SOURCE DATA:

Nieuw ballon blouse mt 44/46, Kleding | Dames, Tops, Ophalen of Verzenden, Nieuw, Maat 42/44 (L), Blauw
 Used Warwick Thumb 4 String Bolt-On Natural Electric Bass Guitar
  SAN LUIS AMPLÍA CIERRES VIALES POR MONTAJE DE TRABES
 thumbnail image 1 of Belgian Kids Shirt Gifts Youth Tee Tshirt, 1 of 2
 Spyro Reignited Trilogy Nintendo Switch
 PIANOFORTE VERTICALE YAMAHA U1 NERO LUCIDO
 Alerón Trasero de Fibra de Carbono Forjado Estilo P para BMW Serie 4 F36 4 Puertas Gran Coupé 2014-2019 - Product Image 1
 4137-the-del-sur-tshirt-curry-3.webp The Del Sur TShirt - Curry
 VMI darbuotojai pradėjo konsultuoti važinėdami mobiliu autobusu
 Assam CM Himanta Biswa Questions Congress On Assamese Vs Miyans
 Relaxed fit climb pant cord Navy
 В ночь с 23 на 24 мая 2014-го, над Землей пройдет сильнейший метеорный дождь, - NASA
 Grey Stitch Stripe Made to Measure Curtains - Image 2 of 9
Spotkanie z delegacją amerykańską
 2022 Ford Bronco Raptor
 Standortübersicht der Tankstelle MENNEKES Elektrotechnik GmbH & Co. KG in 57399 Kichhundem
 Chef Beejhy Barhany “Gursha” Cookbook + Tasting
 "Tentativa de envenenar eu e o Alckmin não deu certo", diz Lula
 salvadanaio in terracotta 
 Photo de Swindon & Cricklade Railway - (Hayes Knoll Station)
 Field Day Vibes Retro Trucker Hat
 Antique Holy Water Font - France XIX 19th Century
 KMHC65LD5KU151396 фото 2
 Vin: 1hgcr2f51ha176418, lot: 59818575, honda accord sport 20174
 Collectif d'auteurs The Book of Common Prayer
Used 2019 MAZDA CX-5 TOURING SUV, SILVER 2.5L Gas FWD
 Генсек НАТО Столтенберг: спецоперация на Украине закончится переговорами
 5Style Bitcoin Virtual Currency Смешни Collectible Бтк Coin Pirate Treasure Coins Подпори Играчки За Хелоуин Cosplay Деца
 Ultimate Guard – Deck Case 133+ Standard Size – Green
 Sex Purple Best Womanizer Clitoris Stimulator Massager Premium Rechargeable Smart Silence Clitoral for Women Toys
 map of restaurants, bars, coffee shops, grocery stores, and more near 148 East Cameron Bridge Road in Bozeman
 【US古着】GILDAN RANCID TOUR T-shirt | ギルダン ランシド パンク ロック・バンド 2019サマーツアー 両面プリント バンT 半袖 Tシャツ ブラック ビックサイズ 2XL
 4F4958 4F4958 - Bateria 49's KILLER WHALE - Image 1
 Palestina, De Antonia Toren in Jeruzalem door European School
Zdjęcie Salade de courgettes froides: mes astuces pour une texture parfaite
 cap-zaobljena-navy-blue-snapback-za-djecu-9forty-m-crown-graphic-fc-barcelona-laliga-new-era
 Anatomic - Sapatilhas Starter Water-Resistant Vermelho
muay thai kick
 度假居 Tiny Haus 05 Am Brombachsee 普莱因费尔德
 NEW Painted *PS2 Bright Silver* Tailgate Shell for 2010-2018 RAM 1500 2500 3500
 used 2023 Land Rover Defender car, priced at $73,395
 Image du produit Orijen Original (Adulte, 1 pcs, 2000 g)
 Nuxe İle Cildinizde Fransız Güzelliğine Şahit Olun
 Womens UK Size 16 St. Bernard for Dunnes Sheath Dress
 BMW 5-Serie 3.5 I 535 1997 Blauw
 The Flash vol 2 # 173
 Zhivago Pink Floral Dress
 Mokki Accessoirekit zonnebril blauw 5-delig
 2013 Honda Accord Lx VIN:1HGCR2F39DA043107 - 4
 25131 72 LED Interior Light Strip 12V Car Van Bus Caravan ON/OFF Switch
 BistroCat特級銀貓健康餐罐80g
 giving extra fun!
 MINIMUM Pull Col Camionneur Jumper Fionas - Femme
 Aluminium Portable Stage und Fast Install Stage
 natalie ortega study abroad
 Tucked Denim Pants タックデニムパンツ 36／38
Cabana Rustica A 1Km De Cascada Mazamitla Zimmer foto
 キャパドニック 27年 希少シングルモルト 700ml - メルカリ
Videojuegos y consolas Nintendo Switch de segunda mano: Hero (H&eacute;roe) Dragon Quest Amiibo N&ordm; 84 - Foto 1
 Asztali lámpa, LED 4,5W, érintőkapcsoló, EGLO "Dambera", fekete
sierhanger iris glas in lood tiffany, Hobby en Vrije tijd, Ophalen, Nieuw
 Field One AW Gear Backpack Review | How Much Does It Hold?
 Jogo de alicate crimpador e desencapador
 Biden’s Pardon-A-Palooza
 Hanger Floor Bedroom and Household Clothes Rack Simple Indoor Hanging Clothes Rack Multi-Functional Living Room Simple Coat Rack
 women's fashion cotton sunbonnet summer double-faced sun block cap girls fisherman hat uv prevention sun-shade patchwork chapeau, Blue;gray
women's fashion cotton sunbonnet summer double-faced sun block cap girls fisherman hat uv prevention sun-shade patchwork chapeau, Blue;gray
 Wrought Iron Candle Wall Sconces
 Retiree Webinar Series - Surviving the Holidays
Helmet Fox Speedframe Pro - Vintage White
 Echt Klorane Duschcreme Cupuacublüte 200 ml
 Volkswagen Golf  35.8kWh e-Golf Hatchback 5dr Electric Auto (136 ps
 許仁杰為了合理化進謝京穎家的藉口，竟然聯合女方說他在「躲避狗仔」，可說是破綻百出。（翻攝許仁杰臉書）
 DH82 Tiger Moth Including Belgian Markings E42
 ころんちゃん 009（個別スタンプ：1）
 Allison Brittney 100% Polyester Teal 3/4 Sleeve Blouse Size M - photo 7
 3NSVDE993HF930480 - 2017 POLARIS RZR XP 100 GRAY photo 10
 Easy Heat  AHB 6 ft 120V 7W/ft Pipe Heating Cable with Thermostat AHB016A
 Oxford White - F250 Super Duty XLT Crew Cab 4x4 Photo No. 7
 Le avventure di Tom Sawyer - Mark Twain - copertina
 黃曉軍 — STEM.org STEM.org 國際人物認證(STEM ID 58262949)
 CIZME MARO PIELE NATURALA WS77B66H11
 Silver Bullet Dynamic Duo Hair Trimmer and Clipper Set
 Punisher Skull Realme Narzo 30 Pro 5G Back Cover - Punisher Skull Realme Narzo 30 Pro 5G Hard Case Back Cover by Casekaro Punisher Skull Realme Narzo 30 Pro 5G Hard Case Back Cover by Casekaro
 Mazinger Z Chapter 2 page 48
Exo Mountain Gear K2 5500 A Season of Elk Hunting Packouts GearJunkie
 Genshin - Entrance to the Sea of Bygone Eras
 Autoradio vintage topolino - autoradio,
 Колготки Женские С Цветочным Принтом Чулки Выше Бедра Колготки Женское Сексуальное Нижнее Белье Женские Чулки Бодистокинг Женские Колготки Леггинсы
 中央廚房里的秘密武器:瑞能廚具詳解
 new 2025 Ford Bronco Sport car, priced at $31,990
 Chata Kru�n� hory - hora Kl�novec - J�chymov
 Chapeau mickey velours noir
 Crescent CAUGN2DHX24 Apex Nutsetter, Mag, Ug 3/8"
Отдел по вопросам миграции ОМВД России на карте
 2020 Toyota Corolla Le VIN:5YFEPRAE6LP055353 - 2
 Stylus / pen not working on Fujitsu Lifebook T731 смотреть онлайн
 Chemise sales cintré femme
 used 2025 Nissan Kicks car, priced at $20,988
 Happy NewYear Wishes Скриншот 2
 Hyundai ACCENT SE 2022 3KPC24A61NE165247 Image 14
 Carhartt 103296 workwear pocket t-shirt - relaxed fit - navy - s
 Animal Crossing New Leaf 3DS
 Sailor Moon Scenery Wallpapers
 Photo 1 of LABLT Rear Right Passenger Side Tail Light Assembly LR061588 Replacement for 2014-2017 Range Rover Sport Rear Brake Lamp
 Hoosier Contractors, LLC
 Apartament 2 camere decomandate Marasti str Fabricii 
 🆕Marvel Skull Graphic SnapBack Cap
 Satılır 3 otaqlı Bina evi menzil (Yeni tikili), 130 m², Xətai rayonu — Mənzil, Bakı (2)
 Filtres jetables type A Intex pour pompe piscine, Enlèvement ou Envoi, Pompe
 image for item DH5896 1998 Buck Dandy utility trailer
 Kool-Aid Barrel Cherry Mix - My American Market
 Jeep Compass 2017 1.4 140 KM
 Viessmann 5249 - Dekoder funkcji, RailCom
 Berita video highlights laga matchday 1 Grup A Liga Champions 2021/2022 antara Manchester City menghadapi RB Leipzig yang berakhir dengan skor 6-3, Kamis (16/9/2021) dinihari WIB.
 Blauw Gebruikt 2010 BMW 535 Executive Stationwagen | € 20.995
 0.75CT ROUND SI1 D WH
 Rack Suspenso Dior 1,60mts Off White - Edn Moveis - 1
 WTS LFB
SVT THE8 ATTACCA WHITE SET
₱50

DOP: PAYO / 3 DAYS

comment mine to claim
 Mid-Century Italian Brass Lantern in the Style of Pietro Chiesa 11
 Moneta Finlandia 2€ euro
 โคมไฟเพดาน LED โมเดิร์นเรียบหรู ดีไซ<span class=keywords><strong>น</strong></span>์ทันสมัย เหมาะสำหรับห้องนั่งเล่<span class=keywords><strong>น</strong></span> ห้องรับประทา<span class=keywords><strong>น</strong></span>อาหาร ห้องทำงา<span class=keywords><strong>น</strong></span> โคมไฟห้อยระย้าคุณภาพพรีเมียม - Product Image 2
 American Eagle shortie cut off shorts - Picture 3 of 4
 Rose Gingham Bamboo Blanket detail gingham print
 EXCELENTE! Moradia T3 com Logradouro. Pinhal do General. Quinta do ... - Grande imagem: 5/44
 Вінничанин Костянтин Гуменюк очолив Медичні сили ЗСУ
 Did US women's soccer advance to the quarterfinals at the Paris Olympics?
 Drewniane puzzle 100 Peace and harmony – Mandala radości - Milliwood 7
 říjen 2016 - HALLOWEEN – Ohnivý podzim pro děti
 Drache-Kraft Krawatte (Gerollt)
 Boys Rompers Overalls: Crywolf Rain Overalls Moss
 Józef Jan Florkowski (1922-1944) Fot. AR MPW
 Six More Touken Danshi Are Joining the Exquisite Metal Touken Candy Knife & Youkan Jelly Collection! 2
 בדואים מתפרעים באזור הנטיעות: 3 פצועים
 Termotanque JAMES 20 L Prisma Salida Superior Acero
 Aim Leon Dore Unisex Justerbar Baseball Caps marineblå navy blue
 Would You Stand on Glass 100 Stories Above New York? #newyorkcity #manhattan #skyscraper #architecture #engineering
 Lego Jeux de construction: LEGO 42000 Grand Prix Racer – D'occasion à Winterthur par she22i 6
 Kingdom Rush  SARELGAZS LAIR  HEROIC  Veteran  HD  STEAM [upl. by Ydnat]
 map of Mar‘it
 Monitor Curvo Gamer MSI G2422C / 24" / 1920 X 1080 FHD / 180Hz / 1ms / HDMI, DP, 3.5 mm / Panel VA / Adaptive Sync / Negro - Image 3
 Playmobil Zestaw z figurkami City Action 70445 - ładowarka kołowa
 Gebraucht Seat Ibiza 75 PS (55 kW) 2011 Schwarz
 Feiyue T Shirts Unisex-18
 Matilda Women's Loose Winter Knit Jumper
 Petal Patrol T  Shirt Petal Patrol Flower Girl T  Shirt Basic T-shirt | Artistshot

TASK REQUIREMENTS: In the records above, find the line with "Sailor Moon Scenery Wallpapers"; write out exactly that line and each one after it, stopping after the line with "Jeep Compass 2017 1.4 140 KM".

TASK RESULT:
 Sailor Moon Scenery Wallpapers
 Photo 1 of LABLT Rear Right Passenger Side Tail Light Assembly LR061588 Replacement for 2014-2017 Range Rover Sport Rear Brake Lamp
 Hoosier Contractors, LLC
 Apartament 2 camere decomandate Marasti str Fabricii 
 🆕Marvel Skull Graphic SnapBack Cap
 Satılır 3 otaqlı Bina evi menzil (Yeni tikili), 130 m², Xətai rayonu — Mənzil, Bakı (2)
 Filtres jetables type A Intex pour pompe piscine, Enlèvement ou Envoi, Pompe
 image for item DH5896 1998 Buck Dandy utility trailer
 Kool-Aid Barrel Cherry Mix - My American Market
 Jeep Compass 2017 1.4 140 KM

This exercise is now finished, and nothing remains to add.